Many researchers from the Research in Software Engineering team (RiSE) will be attending the 31st International Conference on Software Engineering in Vancouver (ICSE'09). Here is what RiSE is presenting this year:
Deconstructing Concurrency Heisenbugs (ICSE Demo). Thomas Ball, Sebastian Burckhardt, Madan Musuvathi, Shaz Qadeer. CHESS is a tool for finding and reproducing "Heisenbugs", which result from unexpected interference among threads. CHESS has been integrated into the test frameworks of many code bases inside Microsoft and is used by testers on a daily basis.
Tom will report on the power of combining statistical expertise with software engineering expertise to address pressing problems of software production in a statistically valid manner. He will trace the history from early work at AT&T to present work at Microsoft.
Making CHASE Mainstream (CHASE Workshop keynote), Rob DeLine. Rob will discuss why “people issues” have not gotten enough attention among software engineering researchers and suggests ways to make research in this area more mainstream.
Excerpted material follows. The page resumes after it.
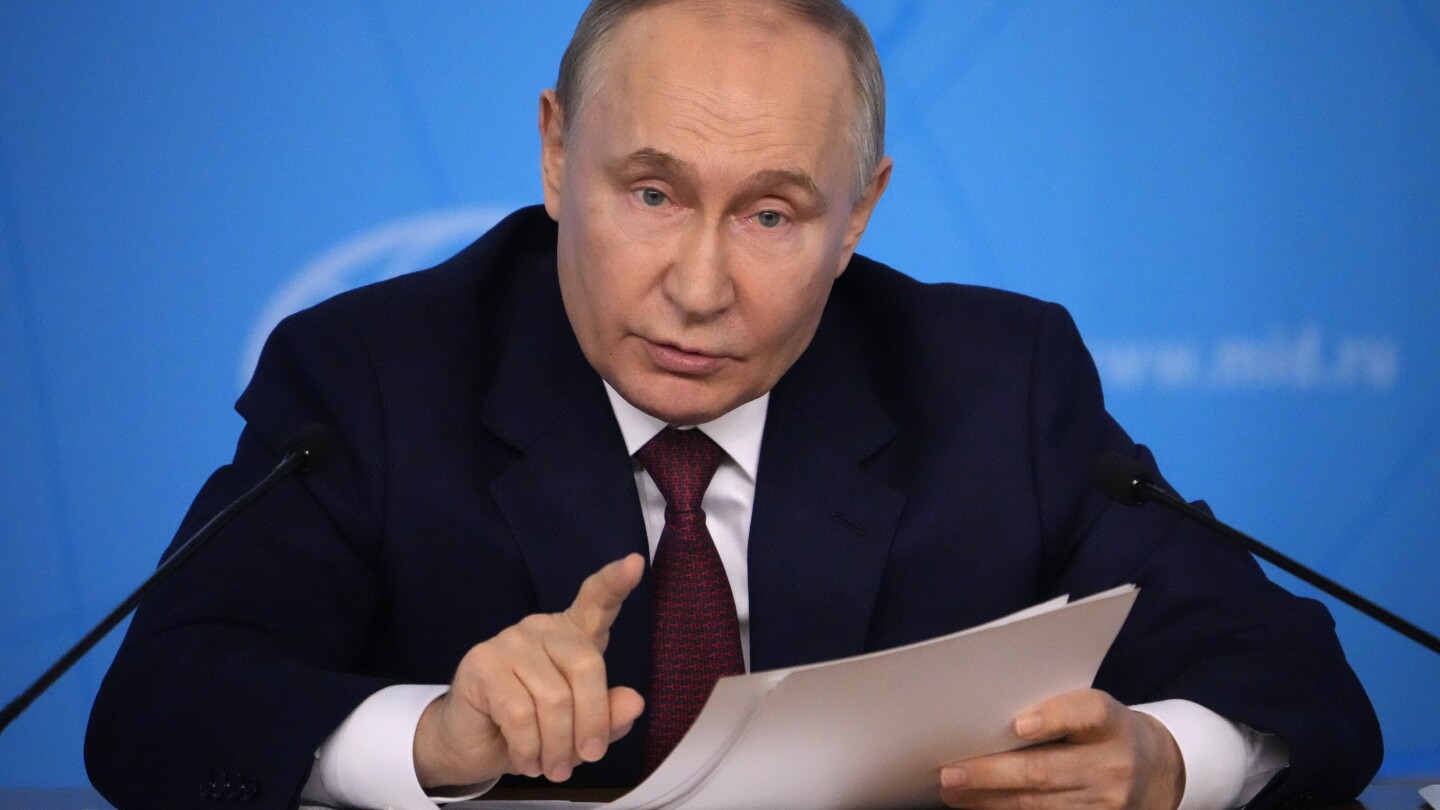 Руският президент Владимир Путин обеща в петък незабавно да нареди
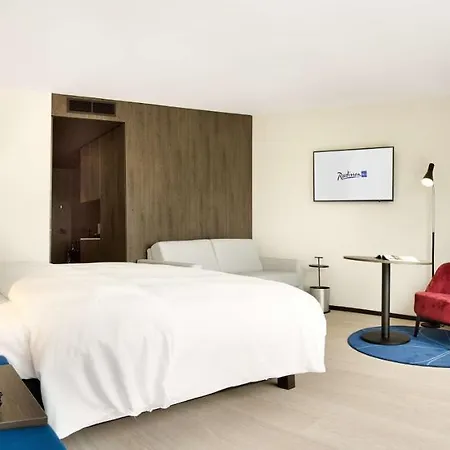 Radisson Blu Hotel,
Coordination in Large-Scale Software Teams (CHASE Workshop). Andrew Begel, Nachiappan Nagappan, Christopher Poile, and Lucas Layman. A survey of Microsoft engineers shows that coordination between large-scale software teams is very challenging, but can be eased with better communication and tools tailored towards each engineer’s role in the collaboration.
Cheers, Wolfram Schulte.
Codebook sounds so cool! It would be even better if it could index legacy code in foreign source control providers. For example, my employer has an application which uses Pick Basic, PHP, C#, C, SQL, and more. Indexing and tracking all of that would be very cool.
Thanks for your suggestion, Justin! As we work on our Codebook implementation, we are designing it to be a platform in which plug-ins of many sorts, including various source code control systems, bug databases, and code indexers can be added without requiring changes to the underlying architecture.